Álvaro lembra da figura do “moscão”, um funcionário que ficava no pátio e pelos corredores observando o comportamento dos alunos. Se encontrava alguém fumando, namorando, ou mesmo de mãos dadas, o aluno era levado diretamente pra a diretoria. Essa era também a época do uso obrigatório do uniforme. “Hoje eles vêm de chinelo de dedo e de calça rasgada. Mudou bastante”. Como ainda frequenta o Câmpus, como membro do CPPA e do Sindicato, pode observar essas diferenças.

Também tem uma visão crítica sobre a tecnologia. “Acho que a tecnologia não ajuda. Os alunos não raciocinam. Manda fazer um trabalho sobre qualquer assunto e o aluno vai lá no Google. Ele não tem vivência no campo, na coisa real. Se perguntar para um aluno sobre a população do distrito de São Martinho, eles vão pesquisar na internet, mas não vão lá, conversar com as pessoas, saber como é”.

Em suas aulas de campo, Álvaro fazia os alunos conversarem com as pessoas do local, com os pescadores, aprender em campo, conhecer a realidade pessoalmente. Segundo ele, a melhor forma de aprender algo, sem a mediação tecnológica. “Eu conseguia fazer os alunos irem na aula aos sábados, pois a minha metodologia era diferente”, recorda.

Escola Superior de Guerra

Álvaro cursou a Escola Superior de Guerra, no Rio de Janeiro, durante nove meses, como o único catarinense da turma. Ele conta que a metodologia “militar” o incomodava. “O professor ficava uma hora lá, só lendo. Aí, entregava cópias para cada um e, no outro dia, fazia perguntas. Ainda bem que eles não exigiam respostas. Geralmente quem respondia eram os militares graduados da Marinha, do Exército e da Aeronáutica que estavam lá”, recorda.

O convite para participar do curso foi feito pelo então diretor Frederico Büedgens, de quem era amigo. Como gostava de chegar cedo ao trabalho, acabava tomando café e conversando com o diretor. “Meu filho também se dava muito bem com ele. Até fez um retrato que o diretor colocou na casa dele”, lembra.

Atuação fora da sala de aula

Álvaro também tem histórias para contar sobre suas atividades fora da sala de aula. “Eu montei seis eventos, entre eles dois aniversários da escola. Teve um evento até que no último dia desmaiei de cansado. Fazíamos gincana, barraquinhas, a gente chamava a comunidade toda. Teve um ano que arrecadamos duas toneladas e meia de produtos para entregar para os pobres. Foi uma forma de chamar a vizinhança. Tínhamos uma vizinhança bem normal com o pessoal do morro”.

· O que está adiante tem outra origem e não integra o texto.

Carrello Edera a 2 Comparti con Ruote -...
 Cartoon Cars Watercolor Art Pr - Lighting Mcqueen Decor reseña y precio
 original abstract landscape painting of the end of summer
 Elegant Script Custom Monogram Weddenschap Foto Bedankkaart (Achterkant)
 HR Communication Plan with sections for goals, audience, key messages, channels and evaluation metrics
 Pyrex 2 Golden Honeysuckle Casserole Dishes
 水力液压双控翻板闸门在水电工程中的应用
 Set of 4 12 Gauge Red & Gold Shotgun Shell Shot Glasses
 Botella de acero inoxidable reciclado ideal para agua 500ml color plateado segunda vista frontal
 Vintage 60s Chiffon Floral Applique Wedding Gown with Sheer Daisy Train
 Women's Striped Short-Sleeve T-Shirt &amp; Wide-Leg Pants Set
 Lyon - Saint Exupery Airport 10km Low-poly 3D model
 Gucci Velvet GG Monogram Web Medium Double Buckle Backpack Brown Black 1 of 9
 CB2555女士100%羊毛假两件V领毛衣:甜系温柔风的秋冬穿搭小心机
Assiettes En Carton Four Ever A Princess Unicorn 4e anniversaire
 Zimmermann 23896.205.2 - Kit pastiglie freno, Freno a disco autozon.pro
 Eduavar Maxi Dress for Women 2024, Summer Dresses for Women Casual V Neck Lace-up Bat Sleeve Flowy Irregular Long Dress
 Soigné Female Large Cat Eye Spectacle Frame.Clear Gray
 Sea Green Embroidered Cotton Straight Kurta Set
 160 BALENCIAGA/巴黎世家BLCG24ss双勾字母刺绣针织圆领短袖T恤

Na época em que não havia concurso público, o professor de Geografia era chamado para compor bancas de avaliação. “Presidi algumas mesas de escolha de candidatos, pois naquela época não tinha concurso. Indicavam uma comissão, mas muitas vezes só eu é que aparecia. Os quatro professores que eu coloquei lá foram maravilhosos”. Foi presidente de sindicância e assessor do departamento de Ensino, na gestão de Alfeu Ermenegildo, assistente de quatro ex-diretores e coordenador do Departamento de Educação Moral e Cívica.

Depois da aposentadoria

Após a aposentadoria, em 1994, Álvaro ficou oito anos sem atividades profissionais. “Era um dominó, uma canastrinha, uma pescaria, um círculo vicioso. Aí, chamei a mulher e os filhos e disse que ia mudar, precisava fazer alguma coisa”. A partir daí, começou a se preparar para dar palestras em centros espíritas e atividades beneficentes. Atualmente, é diretor da CPPA e organiza as atividades e viagens do grupo. Também faz parte do sindicato e, sempre que pode, está presente no IFSC. “Diretamente, estive na escola por 32 anos. Indiretamente, estou na escola o tempo todo, de 69 para cá. Não passo uma semana sem ir na escola. Hoje, os antigos e os novatos me conhecem, cumprimento todo mundo”, completa.

* A série de entrevistas “Memórias não se Aposentam” é um projeto do Centro de Memória, Documentação e Cultura do IFSC (CMDC – IFSC). O objetivo é preservar um patrimônio valioso: a memória dos servidores aposentados, que muito contribuíram para a instituição ser o que é hoje, e resgatar fatos que marcaram a história do IFSC na visão de seus protagonistas. A série é publicada no site do IFSC e no Link Digital quinzenalmente, às sextas-feiras.